Archived design discussions¶
For future reference, this document lists a few elements that led to the current choice of technology, stack, ...
Front-end development¶
Two approaches are possible for frontend development:
- All pages are rendered through Django templates, with some dynamic JS code for some pages
- Django only serves the API, all pages are rendered in the browser in JS
Django templates¶
With this approach, a user’s request to https://www.polytechnique.org/ is handled as follows:
- The Django server receives the request
- It finds the correct
View
through its routing rules - The
View
builds a context, chooses the HTML template, and provides both to the template rendering engine - Django sends back the rendered HTML template to the browser
- The browser parses the HTML and presents
If the page is dynamic (e.g search, profile):
- The browser loads the related Javascript files
- The JS stack generates a HTML DOM section based on its state and (optional) API queries
- When the user provides input, the JS stack queries the API
- Based on the new data, the JS stack updates the DOM, triggering a HTML re-render
- Pros
- Closer to plat/al 1 design
- Easy to write a simple page
- The first page loads faster
- Cons
- Complex handling of mixups between Django HTML templates and React HTML templates
- Behavior of the pages is split between two codebases
- Each page loads the whole skeleton
React.js rendering¶
With this approach, a user hitting https://www.polytechnique.org/ receives a simple HTML document that:
- Declares where version-specific JS/CSS/... files should be loaded
- Declares where the API is located
- Starts rendering the DOM through React.js
In details, the request is handled as follows:
- The Django (or Express) server receives the request
- It generates a static HTML page, including the related JS/CSS files and the URL to the API
- The browser parses this HTML page, and loads the JS/CSS
- The JS app sends a few queries to the API to fetch more information (e.g the user’s data)
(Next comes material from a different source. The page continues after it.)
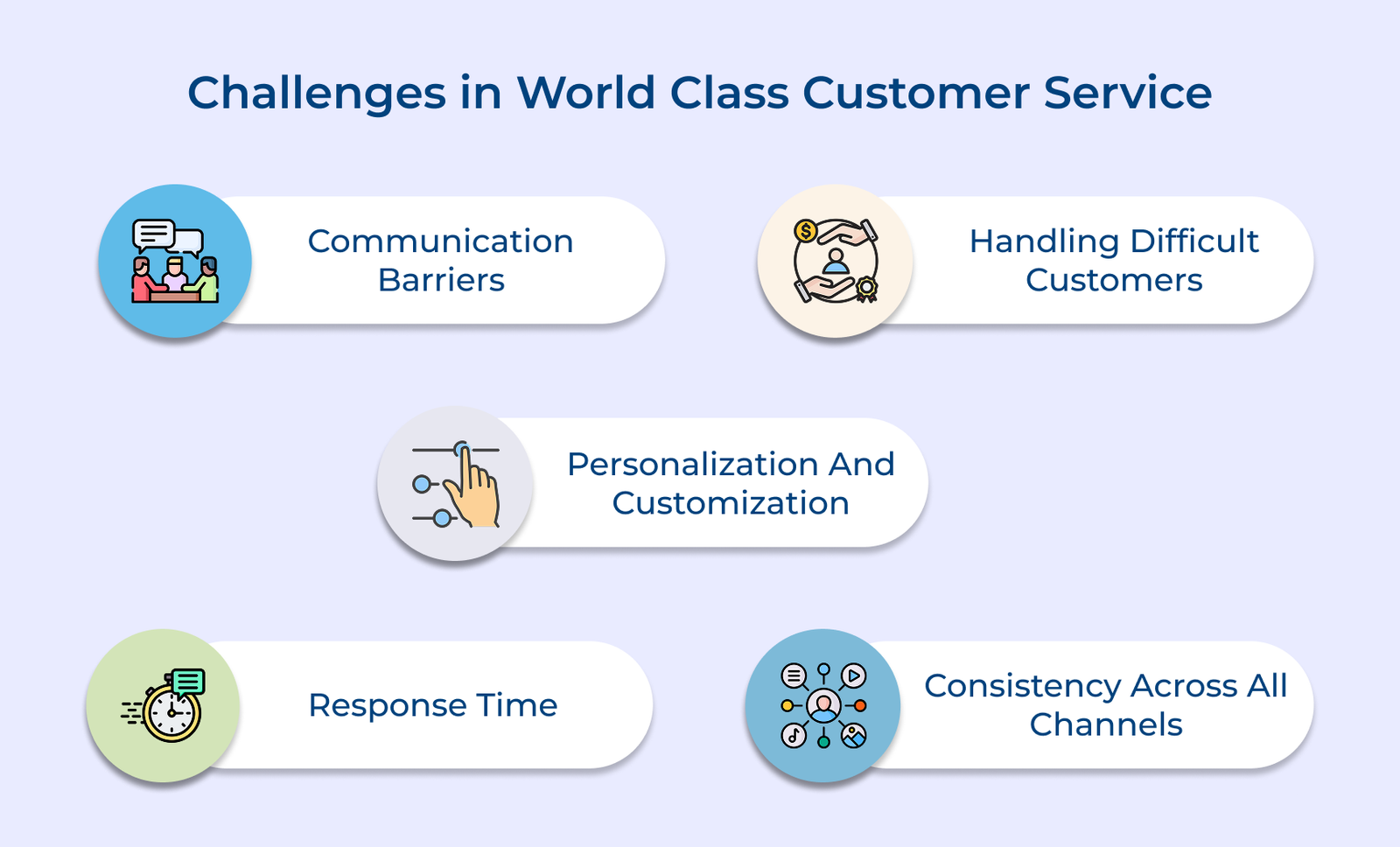 Challenges in World Class Customer Service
- The JS app updates the DOM, triggering a HTML re-render
- When the user provides input, the JS app reacts by querying the API for the requested data
- Based on that new data, the JS app updates the DOM again, triggering another HTML rendering.
On subsequent pages, only new data is loaded; the whole codebase was loaded along the first page.
- Pros
- Clean split of roles: Django provides the data, React provides the UI
- A single codebase for the whole UI
- Pages feel more dynamic
- Comes with great browser-based testing tools
- Rate-limiting searches is easier, since it’s a single entrypoint in the API
- Cons
- Unusual paradigm and language
- Adding a new page might be more complex (to be confirmed)
- The whole app must load before the user sees anything (can be avoided with e.g http://skitjs.com)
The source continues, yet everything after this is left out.